次のダートラインのピッチものっけからのったリングボルトがほとんど取れそうであわてて左にフックしたら、ボルトの首が軽くもげてしまう。その上も何もなく、しばらくフックが続きそうなので、仕方なくボルトを打つことにする。1/2くらいの浅打ちでビットを入れる。それからフックムーブが6回続いた。6回目のフックのときにはさすがに怖くて、フックポイントの近くにコパーとバードビークを打つがほとんど気休めにしかならなかった。その上はおじぎしたRCCU、それからはなぜかリベットがポチポチ出てくるが、割れているのが多く安心できない。周りはぐずぐずでフッキング、ネイリングも何もできない。下手すると落石してしまう。終了点らしき手前が水流のところで何もない。浅打ちのボルトからフックして、フリーに入る。エイリアン黄色、ブルーを仕掛け、それからフリーの悪い体勢でスタンスに乗り込んでボルトまでもう少し。フックポイントを見つけエイダーに乗ってリングボルトに手がかかるところまで来て、こんなフリー二度としたくないと思って、足を整えようとしたら、パンとフックが取れて、フォール。
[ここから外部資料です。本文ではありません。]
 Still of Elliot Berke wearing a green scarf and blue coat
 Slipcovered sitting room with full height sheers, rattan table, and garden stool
「どこでとまる!」と叫んでいた。エイリアンは2つともスパッと抜けて、米国製の浅打ちボルトも抜け、なぜかまた浅打ちのリングボルトで止まっていた。墜落は約7mくいらいか。今回はどこにもあたらずよいフォールであった。しかし二度としたくないフリーのところなので気落ちする。なんでとにかくエイダーを先に掛けなかったのだろう。ユマールして戻り、抜けたボルトの隣にペツルボルトを1/2の浅打ちで、そこからすこしフリーで、エイリアンのところをアングル打ってエイダーを掛ける。その上にさらにアングルして、最上段のさらに上まで立って、リングボルトへエイダー。ここは水流のところなのでさらに伸ばすことにする。このときから雨になり、45mくらいまで伸ばしてペツル2つでアンカー。22時。荷上げのセッティングをして戻ったのが夜中の1時前。
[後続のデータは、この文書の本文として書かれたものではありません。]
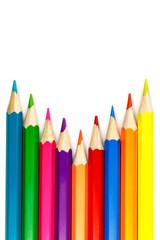 Fototapeta premium Set of colored pencils on a white background, arrangement with an internal corner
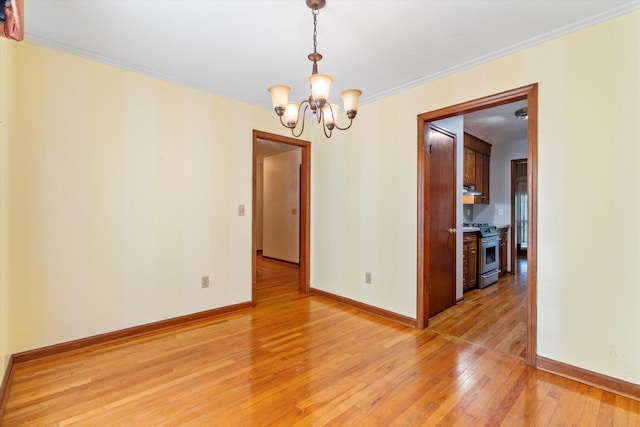 empty room featuring baseboards, an inviting chandelier, ornamental molding, and light wood finished floors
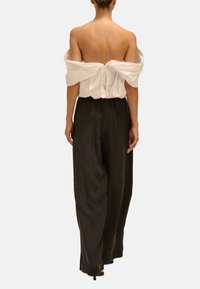 Biała bluzka typu off-the-shoulder z marszczonym tyłem, w zestawie z czarnymi, wysokogatunkowymi, szerokimi spodniami o gładkiej, zwiewnej tkaninie.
翌日は2ピッチのホーリング。20時にはポーターレッジを立て終える。次のピッチで第2バンドまで着く予定である。しかし悪い。フック、ボルトというラインなので、ボルトがダメになっているとどうしてもドリリングするはめになってしまう。途中に敗退シュリンゲを発見。しかし大昔のようである。最後にランぺへのフリーの部分になる。立ち上がったらもう戻ることはできない。どれもルーズな岩が上にもトラバースする先にもあり、動けなくなりパニックになりそうになる。パニックになるな、できる。考えろ、落ち着けと言い聞かせる。しばらく留まっていたが、ムーブを見つけ、落とせない自分大のルーズな岩を回りこんで18時バント着。フリーの部分で1時間くらいかかったみたいだ。アンカーを設置。60mいっぱいいっぱいであった。ここもボロボロである。ペツルボルトがあるのだが、落石があったのだろうビナをかける部分がまっ平らになっている。ロープを外してバンドをトラバースして、阿部さんの痕跡を探す。リングボルト、リベット、を発見。たぶんこれだろうなと思う。ちょうど雲がとれて風景がとてもきれいである。バレーの上はアイスキャップがかかっている。すごいところに来ているなあと改めて思う。トールは本当にルーズ。ボロボロだ。アメリカンエイドとは違うビックウォールだ。山野井さんのルートとの合流点まで行きたかったが、第3バンドまではもう1週間はかかりそうである。時間的に無理である。帰ろう、生きて帰ろうと思った。山野井さん、阿部さんはすごいです。写真を撮り、下降を開始する。シュリンゲ2つとビナを1つ残置して22時ポーターレッジへ。明日から下降である。ビックウォールは敗退の方が難しいので考えて降りないと。1ピッチ下ろすのに2、3回登り直しをしないといけない。

■下降
次の日は、タワーまではハーネスのレッグループにシュリンゲ掛けてホールバックを股に挟む格好で、下降する。タワーから下のピッチは、落石が怖いので背負って下ろすことにした。重く、のけ反らないようにするため腹筋を使い筋肉痛になる。平均1ピッチ2回の荷降ろしで21時取付きまで荷降ろし完了。疲れきって食料も当日分は食べきってしまっていたので普段の2倍もかかって午前1時半にベースに帰る。疲れきっている。 翌日はレストとするが、まだ生きて帰った気分ではない。荷物が取付きでそこから安全地帯にはあと2往復荷降ろしをしないといけないのだ。 回収日も18時までかかって安全地帯にすべてを撤収する。雨が降る。 食料を計算すると公園入り口まで戻るギリギリの食料しかないようである。 100k以上の荷物を4日間毎日12時間行動で下ろす。水量が増えているようで渡渉が行きよりも厳しくなっていて怖いくらいであった。最後の最後まで大変であった。

■反省
今回は、荷上げをスペースホールすることを考えていたがほとんどできなかった。戦略が甘すぎた。ポーターレッジはブラックダイヤモンドのダブルを使った。快適だが10kと重く。ソロには向いていなかった。
カプセルスタイルを軽視したが、しかし、荷物はカプセルスタイル並みと矛盾していた。カプセルスタイルならスタティックロープが120mくらい、複数のホーラーがほしい。
1日1ピッチ。これはいろんな要素がからんだ。スペースホールができない。重いギア、レッジを背負ってユマール→ユマールが遅くなる。ホールを2回に分ける→ホーラーを1つしか持っていかなかったのでロープワークが煩雑になり、と時間がかかりすぎてしまう。

■感想
トール西壁の1/3までしか登れなかったので、記録的にはほぼ意味がないが、自分の中では重要な登山であった。
僕はThorに挑戦し、6pich、9日間登り、敗退したけど生きて帰った。
僕は僕に負けなかった。20代の夢を現実のものとするために、自分と対話をし、待ち、がまんして一歩一歩前に進んだ。
結果はこうだったけど、この10年間止まっていた歯車を回すことができるのだ,次へ行こう。